The metaverse team, per WSJ, was tasked with “finding ways to tell interactive stories in new technological formats using Disney’s extensive library of intellectual property.” It employed approximately 50 people, all of whom have been let go, according to WSJ. However, the division’s boss, former Disney consumer products executive Mike White, remains with the company in an undetermined capacity.

Representatives for Disney didn’t immediately respond to a request for comment from TheWrap.

The move comes just over a year after Disney created the division under former CEO Bob Chapek. In February 2022, in a memo to employees, Chapek wrote that the team would “create an entirely new paradigm for how audiences experience and engage with our stories.”

Chapek doubled down on the metaverse boosting in September 2022, calling it “next-gen storytelling”; at the same time, he indicated Disney+ “will not just be a movie service platform,” but would instead “embody both the physical things that you might be able to experience in a theme park, but also the digital experiences that you can get through media.”

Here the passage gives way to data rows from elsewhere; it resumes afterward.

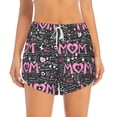thumbnail image 2 of Picia Lovely Mom Ever Pattern Women's 2 in 1 Athletic Running Shorts High Waisted Workout Casual Gym Sweat Shorts with Comfy Liner Zipper Pockets-Small, 2 of 9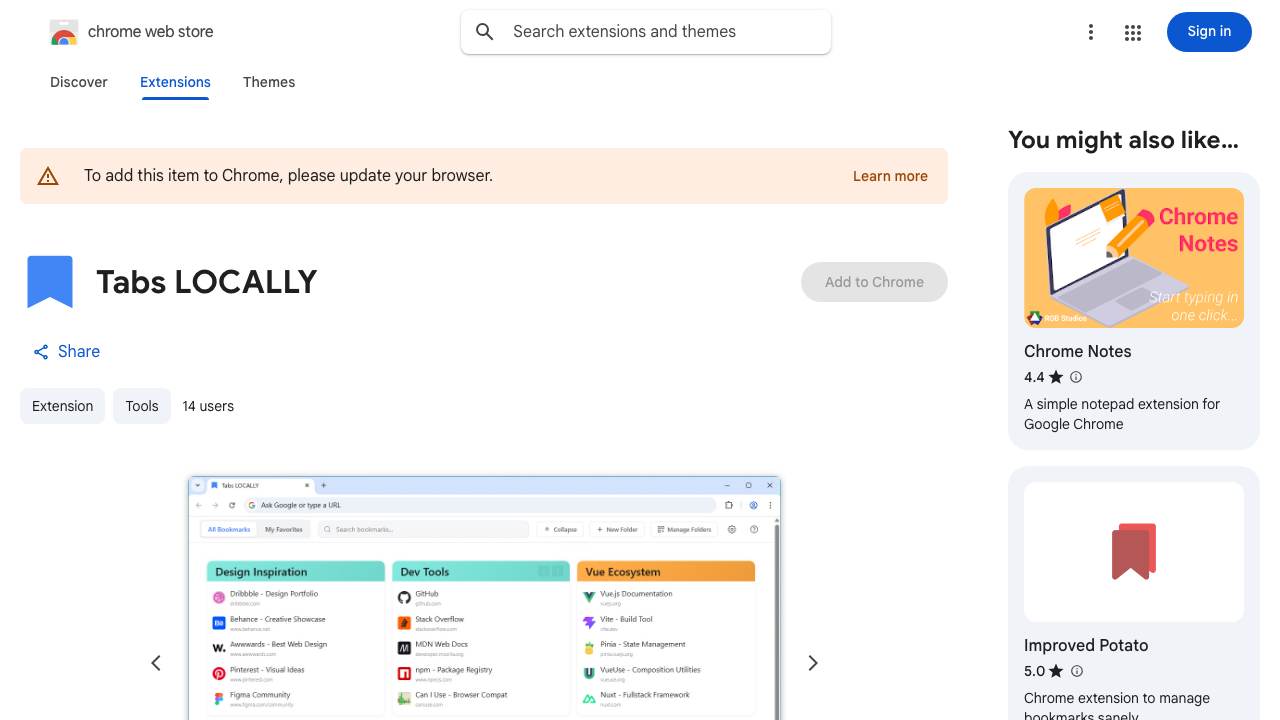 Tabs LOCALLY 项目封面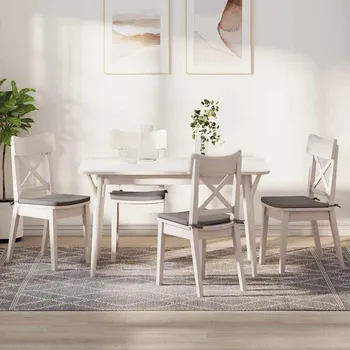 Polštář Polštáře na sedadla 4 pcs Taupe 40 x 40 x 3 cm textil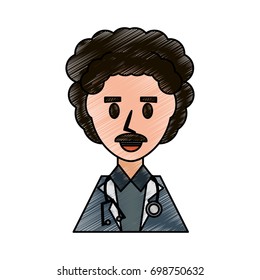Doctor profile cartoon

Those plans never came to pass. Chapek was ousted as CEO in November 2022, following a rough year in the job that among other things included a company revolt over the way Disney responded to anti-gay laws passed in Florida.

The metaverse division being scrapped comes in addition to other losses in Disney’s first round of layoffs, including Mark Levenstein, Hulu’s senior vice president of production; Jayne Bieber, Freeform’s senior vice president of production management and operations; and the VP of development who oversees creative acquisitions for 20th Television Studios, Elizabeth Newman, among other heavy hitters.